====== Data in this exercise

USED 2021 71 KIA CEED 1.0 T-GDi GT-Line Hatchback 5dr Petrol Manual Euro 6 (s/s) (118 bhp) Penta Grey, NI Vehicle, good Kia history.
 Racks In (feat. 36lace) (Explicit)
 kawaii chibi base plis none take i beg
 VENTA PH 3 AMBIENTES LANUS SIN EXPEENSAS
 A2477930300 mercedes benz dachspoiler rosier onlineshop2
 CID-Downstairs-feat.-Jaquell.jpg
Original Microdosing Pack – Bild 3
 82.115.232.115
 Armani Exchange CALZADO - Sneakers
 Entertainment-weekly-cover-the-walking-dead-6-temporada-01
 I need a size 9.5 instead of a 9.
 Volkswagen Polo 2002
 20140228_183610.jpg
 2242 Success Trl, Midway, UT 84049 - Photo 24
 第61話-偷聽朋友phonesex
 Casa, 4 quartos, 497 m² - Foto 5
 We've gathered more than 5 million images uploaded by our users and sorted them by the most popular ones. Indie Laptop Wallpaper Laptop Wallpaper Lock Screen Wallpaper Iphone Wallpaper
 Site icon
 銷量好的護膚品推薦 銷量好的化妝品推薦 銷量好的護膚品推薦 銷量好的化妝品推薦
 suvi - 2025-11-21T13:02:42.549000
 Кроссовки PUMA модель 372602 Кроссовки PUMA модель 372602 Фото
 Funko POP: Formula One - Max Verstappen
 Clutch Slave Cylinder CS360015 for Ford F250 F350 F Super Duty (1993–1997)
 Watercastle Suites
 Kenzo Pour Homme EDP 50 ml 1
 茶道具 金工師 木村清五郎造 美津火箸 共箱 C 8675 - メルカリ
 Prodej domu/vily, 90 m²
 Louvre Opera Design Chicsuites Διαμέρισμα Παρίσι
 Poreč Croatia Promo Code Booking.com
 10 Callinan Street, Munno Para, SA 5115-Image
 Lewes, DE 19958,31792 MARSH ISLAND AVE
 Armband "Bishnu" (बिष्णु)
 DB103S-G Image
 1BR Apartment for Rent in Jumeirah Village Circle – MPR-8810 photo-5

============

The data above should be output exactly, with each line intact.

USED 2021 71 KIA CEED 1.0 T-GDi GT-Line Hatchback 5dr Petrol Manual Euro 6 (s/s) (118 bhp) Penta Grey, NI Vehicle, good Kia history.
 Racks In (feat. 36lace) (Explicit)
 kawaii chibi base plis none take i beg
 VENTA PH 3 AMBIENTES LANUS SIN EXPEENSAS
 A2477930300 mercedes benz dachspoiler rosier onlineshop2
 CID-Downstairs-feat.-Jaquell.jpg
Original Microdosing Pack – Bild 3
 82.115.232.115
 Armani Exchange CALZADO - Sneakers
 Entertainment-weekly-cover-the-walking-dead-6-temporada-01
 I need a size 9.5 instead of a 9.
 Volkswagen Polo 2002
 20140228_183610.jpg
 2242 Success Trl, Midway, UT 84049 - Photo 24
 第61話-偷聽朋友phonesex
 Casa, 4 quartos, 497 m² - Foto 5
 We've gathered more than 5 million images uploaded by our users and sorted them by the most popular ones. Indie Laptop Wallpaper Laptop Wallpaper Lock Screen Wallpaper Iphone Wallpaper
 Site icon
 銷量好的護膚品推薦 銷量好的化妝品推薦 銷量好的護膚品推薦 銷量好的化妝品推薦
 suvi - 2025-11-21T13:02:42.549000
 Кроссовки PUMA модель 372602 Кроссовки PUMA модель 372602 Фото
 Funko POP: Formula One - Max Verstappen
 Clutch Slave Cylinder CS360015 for Ford F250 F350 F Super Duty (1993–1997)
 Watercastle Suites
 Kenzo Pour Homme EDP 50 ml 1
 茶道具 金工師 木村清五郎造 美津火箸 共箱 C 8675 - メルカリ
 Prodej domu/vily, 90 m²
 Louvre Opera Design Chicsuites Διαμέρισμα Παρίσι
 Poreč Croatia Promo Code Booking.com
 10 Callinan Street, Munno Para, SA 5115-Image
 Lewes, DE 19958,31792 MARSH ISLAND AVE
 Armband "Bishnu" (बिष्णु)
 DB103S-G Image
 1BR Apartment for Rent in Jumeirah Village Circle – MPR-8810 photo-5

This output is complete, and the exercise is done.